It was to replicate the work in “Clustered Deferred and Forward Shading
[Ola Olsson, Markus Billeter, and Ulf Assarsson].” It is on bitbucket (private) but I can zip it up and Share it here I guess. The code can be adapted to either forward or deferred as noted in the white paper, the code is just an implementation of a quick algorithm to create the arrays for uploading to video memory as textures. It worked well but I never analysed it for memory leaks and such. There are array classes for accumulating the 3D Texture for cluster lookup etc. and lib dependences of GLM. This was intended to be used with Unity as managed C++ rendering code but instead I just mangled it into a hacked version of the Standard Shader.
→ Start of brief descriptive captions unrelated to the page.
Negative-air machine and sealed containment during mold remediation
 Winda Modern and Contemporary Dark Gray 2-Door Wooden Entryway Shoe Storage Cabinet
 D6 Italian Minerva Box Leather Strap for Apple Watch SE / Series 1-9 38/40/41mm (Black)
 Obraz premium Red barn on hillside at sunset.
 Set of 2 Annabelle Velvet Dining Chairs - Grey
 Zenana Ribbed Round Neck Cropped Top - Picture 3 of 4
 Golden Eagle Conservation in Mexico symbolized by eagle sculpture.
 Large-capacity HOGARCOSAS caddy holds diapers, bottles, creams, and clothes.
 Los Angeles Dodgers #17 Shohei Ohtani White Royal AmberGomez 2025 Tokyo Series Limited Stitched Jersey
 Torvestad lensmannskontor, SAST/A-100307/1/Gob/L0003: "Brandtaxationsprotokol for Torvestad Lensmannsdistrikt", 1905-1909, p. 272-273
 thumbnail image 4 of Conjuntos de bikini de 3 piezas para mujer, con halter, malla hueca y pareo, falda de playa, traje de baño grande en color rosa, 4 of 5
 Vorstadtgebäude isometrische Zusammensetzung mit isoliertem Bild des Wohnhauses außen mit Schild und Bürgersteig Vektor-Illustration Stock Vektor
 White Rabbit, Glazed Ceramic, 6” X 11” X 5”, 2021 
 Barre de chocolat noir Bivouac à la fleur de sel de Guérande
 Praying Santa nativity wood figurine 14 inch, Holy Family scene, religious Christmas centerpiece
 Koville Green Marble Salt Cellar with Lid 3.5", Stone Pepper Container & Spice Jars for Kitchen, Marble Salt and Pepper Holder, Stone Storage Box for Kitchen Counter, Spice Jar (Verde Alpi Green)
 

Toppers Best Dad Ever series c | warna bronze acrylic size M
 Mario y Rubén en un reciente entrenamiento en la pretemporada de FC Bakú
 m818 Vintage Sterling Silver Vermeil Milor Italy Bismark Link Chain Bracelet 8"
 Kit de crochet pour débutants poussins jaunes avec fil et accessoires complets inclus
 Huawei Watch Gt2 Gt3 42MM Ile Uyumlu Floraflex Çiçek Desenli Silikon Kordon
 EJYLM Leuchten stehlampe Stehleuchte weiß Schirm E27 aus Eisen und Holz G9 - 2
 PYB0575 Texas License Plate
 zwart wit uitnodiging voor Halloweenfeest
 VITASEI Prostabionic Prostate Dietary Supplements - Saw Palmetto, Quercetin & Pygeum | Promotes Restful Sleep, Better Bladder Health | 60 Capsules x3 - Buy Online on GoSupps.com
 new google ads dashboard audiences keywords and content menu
Would be nice if you could share a zip here yes :slight_smile:

I’ll have to tidy it up a bit.

here is the cpu side code:

The only files worth looking at are the LightAssignment and Array3D/4D classes

So basically the two arrays that are produced should be uploaded to GPU ram as texture1D’s (or the indexing array can be a 3D texture) every frame and used for pixel->lights lookup.

Although on a different tack I think the idea of Tiled Light Trees [Yuriy O’Donnell, Electronic Arts Matthäus G. Chajdas, AMD] is better/easier to implement in some ways. Requires binary search implementation within a shader.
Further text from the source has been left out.